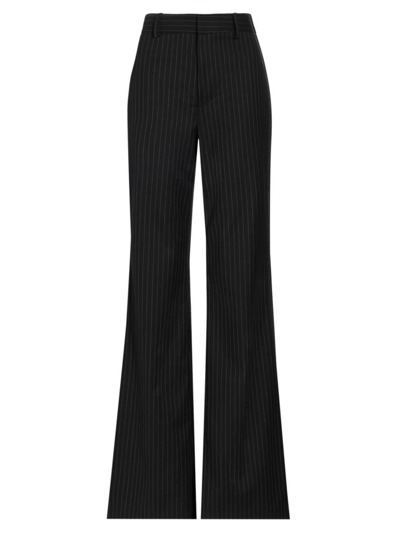 Alice And Olivia Oliver High Rise Flare Pinstripe Pants In Black Pinstripe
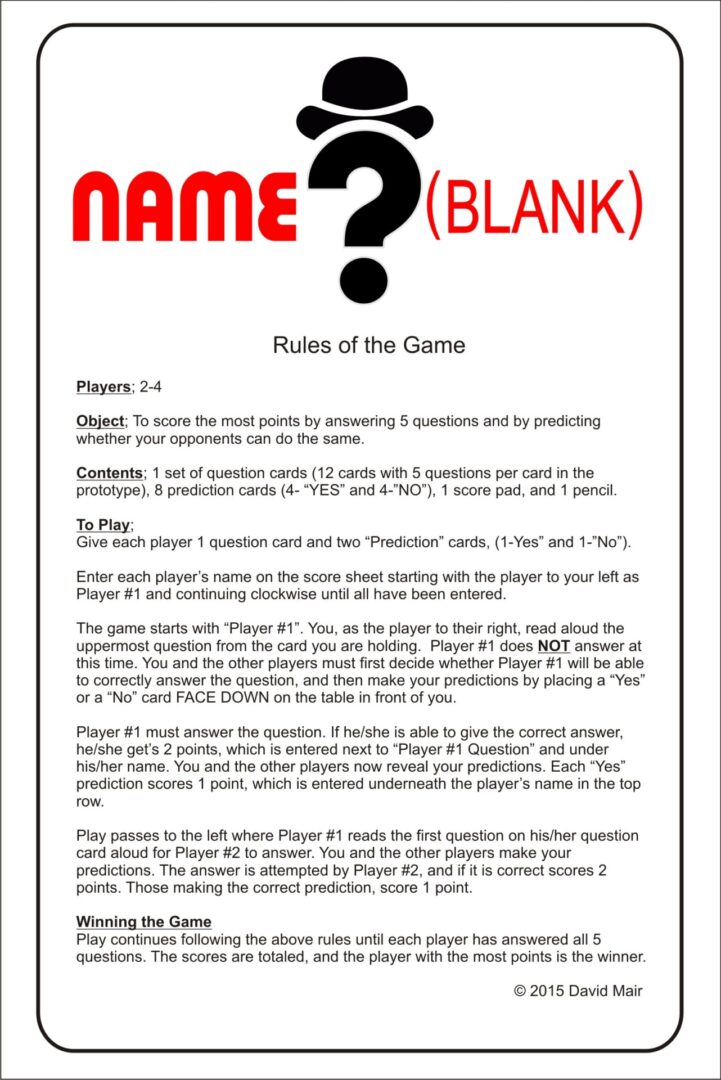 Rules for a fill-in-the-blank name game with players guessing answers.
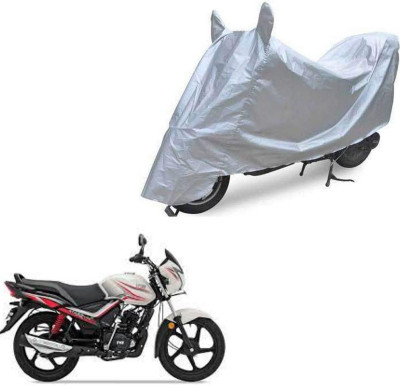 Oshotto Waterproof Two Wheeler Cover for TVS Dust and Water Proof Double Mirror Pocket Silvertech Bike Body Cover for Suzuki Swish(Silver)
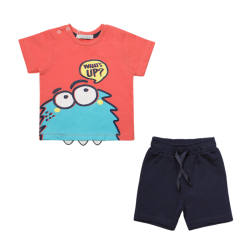 تیشرت و شلوارک پسرانه مدل هیولا آبی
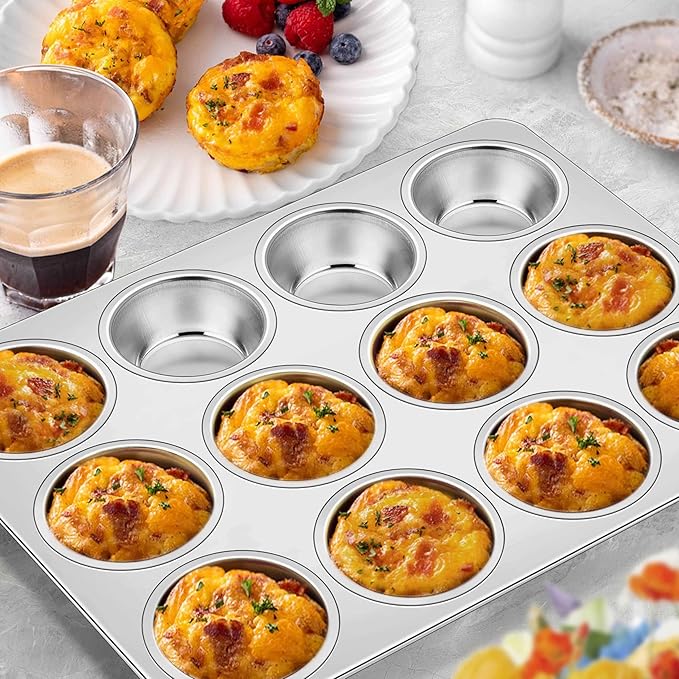 Homikit 2 Pack Muffin Pan, Stainless Steel Cupcake Tin with 12 Cups Regular Size, 13.8" x 10.4" Nonstick Metal Egg Bites Tray for Oven Baking, Non Toxic & Rust Free, Easy Release & Dishwasher Safe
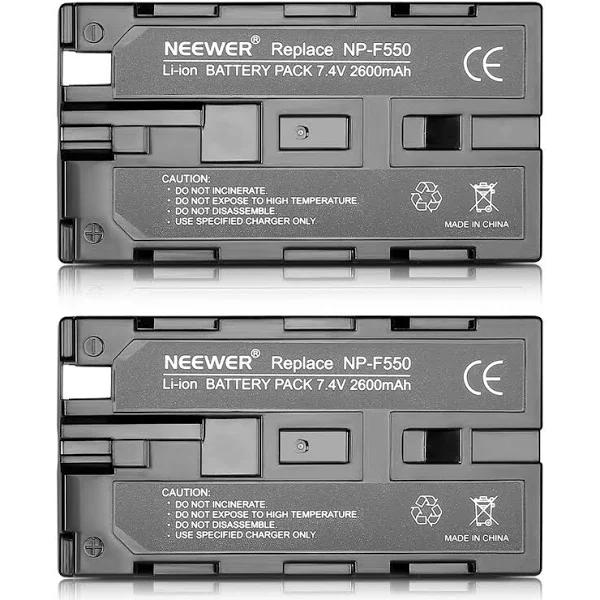 Neewer (2pack) 2600mAh Sony NP-F550/570/530 Replacement Battery For So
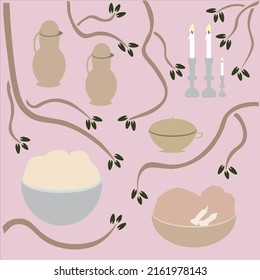 Three Shabbat Candlesticks, Challah Dough, Meat, Purees And Nectar The Items Are Intended For An Additional Sacrifice In The Jewish Temple In Jerusalem. Floral Background For Lighting Candles. Vector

----

*Aim of the exercise:* Exclude the pictures from the copy. Retype exactly the lines running from the one containing "Oshotto Waterproof Two" through the last line of the listing.

*Exercise response:*
 Oshotto Waterproof Two Wheeler Cover for TVS Dust and Water Proof Double Mirror Pocket Silvertech Bike Body Cover for Suzuki Swish(Silver)
 تیشرت و شلوارک پسرانه مدل هیولا آبی
 Homikit 2 Pack Muffin Pan, Stainless Steel Cupcake Tin with 12 Cups Regular Size, 13.8" x 10.4" Nonstick Metal Egg Bites Tray for Oven Baking, Non Toxic & Rust Free, Easy Release & Dishwasher Safe
 Neewer (2pack) 2600mAh Sony NP-F550/570/530 Replacement Battery For So
 Three Shabbat Candlesticks, Challah Dough, Meat, Purees And Nectar The Items Are Intended For An Additional Sacrifice In The Jewish Temple In Jerusalem. Floral Background For Lighting Candles. Vector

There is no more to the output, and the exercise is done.